Directors-at-Large shall serve for a term of two years or until their successors have been elected and have assumed office. Directors-at-Large shall be nominated and elected at the Annual Business Meeting by the voting membership.
Section 4. Quorum of the Board.
A majority of the voting members of the Board, present at any meeting of the Board of Directors, shall constitute a quorum.

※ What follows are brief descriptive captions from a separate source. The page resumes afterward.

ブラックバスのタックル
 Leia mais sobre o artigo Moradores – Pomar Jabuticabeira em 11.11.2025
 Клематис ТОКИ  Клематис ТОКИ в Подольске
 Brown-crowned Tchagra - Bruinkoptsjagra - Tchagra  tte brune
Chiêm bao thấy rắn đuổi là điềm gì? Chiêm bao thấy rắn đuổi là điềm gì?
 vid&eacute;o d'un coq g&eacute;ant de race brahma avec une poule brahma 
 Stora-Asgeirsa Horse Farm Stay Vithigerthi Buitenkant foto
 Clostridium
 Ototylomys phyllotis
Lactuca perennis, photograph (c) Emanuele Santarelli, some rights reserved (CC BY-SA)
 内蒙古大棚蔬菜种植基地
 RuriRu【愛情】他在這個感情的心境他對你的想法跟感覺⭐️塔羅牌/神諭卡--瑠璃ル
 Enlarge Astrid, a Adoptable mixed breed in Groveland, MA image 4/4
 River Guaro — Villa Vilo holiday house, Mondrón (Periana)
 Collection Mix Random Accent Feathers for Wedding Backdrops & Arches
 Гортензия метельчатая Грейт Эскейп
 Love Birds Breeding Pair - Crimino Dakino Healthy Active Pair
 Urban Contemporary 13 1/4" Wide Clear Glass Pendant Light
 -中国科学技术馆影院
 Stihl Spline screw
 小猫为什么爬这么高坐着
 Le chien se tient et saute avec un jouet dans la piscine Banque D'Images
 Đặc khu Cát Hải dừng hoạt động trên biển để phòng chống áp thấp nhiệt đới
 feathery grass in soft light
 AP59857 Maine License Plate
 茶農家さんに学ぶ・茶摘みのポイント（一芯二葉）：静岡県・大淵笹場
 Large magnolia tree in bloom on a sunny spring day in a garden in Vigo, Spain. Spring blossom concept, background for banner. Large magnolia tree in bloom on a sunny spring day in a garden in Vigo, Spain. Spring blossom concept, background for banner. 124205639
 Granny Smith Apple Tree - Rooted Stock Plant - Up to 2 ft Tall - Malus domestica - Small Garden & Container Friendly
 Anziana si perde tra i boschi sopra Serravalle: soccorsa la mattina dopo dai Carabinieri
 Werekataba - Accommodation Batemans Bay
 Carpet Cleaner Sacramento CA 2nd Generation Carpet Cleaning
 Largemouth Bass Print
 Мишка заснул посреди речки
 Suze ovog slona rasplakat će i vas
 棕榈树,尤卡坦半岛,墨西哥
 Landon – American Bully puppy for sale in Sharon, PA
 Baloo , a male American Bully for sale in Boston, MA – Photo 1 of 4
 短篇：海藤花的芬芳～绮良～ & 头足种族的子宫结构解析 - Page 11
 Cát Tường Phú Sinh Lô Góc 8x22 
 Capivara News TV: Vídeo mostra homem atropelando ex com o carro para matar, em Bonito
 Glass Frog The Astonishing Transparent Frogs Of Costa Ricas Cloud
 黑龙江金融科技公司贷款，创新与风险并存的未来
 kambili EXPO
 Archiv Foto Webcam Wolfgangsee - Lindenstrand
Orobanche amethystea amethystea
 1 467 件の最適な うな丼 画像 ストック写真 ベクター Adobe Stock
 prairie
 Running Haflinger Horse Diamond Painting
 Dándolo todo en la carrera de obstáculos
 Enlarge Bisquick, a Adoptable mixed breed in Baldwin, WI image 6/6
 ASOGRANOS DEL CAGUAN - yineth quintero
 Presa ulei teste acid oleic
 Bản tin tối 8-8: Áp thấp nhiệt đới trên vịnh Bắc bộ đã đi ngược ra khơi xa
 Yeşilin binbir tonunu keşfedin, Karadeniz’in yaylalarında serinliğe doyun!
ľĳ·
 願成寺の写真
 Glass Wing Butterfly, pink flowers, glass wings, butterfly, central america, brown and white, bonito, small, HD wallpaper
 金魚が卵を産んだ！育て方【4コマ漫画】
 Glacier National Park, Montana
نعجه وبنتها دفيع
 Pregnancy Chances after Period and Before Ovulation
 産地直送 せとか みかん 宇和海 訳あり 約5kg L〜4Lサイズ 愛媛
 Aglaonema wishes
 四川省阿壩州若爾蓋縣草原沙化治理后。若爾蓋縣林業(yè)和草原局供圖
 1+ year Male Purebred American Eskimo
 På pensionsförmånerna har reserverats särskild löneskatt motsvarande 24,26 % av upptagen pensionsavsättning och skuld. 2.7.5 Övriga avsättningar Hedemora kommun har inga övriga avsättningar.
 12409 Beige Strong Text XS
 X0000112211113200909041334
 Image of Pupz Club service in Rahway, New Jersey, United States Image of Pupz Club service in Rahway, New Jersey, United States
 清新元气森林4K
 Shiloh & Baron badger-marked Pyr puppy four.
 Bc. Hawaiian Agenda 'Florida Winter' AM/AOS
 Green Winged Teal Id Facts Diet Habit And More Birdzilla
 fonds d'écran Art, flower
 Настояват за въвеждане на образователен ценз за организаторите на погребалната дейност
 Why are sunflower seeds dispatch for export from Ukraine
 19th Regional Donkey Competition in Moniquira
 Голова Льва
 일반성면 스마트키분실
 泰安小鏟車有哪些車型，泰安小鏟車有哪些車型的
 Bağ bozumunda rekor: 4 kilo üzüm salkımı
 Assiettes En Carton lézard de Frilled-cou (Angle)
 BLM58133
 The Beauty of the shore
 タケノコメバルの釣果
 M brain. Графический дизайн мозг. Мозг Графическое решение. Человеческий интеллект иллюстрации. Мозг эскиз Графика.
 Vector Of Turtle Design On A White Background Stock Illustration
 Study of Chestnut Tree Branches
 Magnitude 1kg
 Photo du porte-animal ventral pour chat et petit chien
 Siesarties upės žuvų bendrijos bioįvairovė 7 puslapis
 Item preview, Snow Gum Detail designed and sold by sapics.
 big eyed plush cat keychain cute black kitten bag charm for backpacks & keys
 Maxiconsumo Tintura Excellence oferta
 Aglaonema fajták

Section 5. Meetings of the Board.
- Regular Meetings.
A regular meeting of the Board of Directors shall be held at least once each administrative year, at such time and such place as the Board may prescribe. Notice of all such meetings shall be given to the Directors at least thirty (30) days before the meeting is held, except for meetings held in conjunction with Annual Business Meetings or Reunions.
- Special Meetings.
Special meetings of the Board may be called by the President, or at the request of any two Directors, by notice mailed, telephoned, e-mailed or delivered to each member of the Board of Directors at least 72 hours before the meeting is held, except for meetings held in conjunction with Annual Business Meetings or Reunions.
Section 6. Voting.
Voting rights of a Director shall not be delegated to another nor exercised by proxy. Action taken by a mail ballot of the members of the Board shall be a valid action of the Board, and shall be reported at the next regular meeting of such Board. Meetings held by telephone shall provide conferencing of all members present, and actions taken shall be ratified at the next in-person meeting of the Board of Directors.
Section 7. Absence.
Any elected officer or director who shall have been absent from two (2) consecutive regular meetings of the Board of Directors shall automatically vacate the seat on the Board of Directors and the vacancy shall be filled as defined in Article X, Section 2 c. However, the Board of Directors shall consider each absence of an elected officer or director as a separate circumstance and may expressly waive such absence by affirmative vote of a majority of the members of the Board of Directors.
Section 8. Vacancies.
Vacancies on the Board of Directors shall be filled for the balance of the term thereof by vote of the Board of Directors upon recommendation of the Nominating Committee, as defined in Article X, Section 2 c.
Section 9. Removal.
The Board of Directors, by two-thirds vote of all its members, may remove any Director from the office for cause.
Section 10. Compensation.
Directors and elected officers shall not receive any compensation for their services.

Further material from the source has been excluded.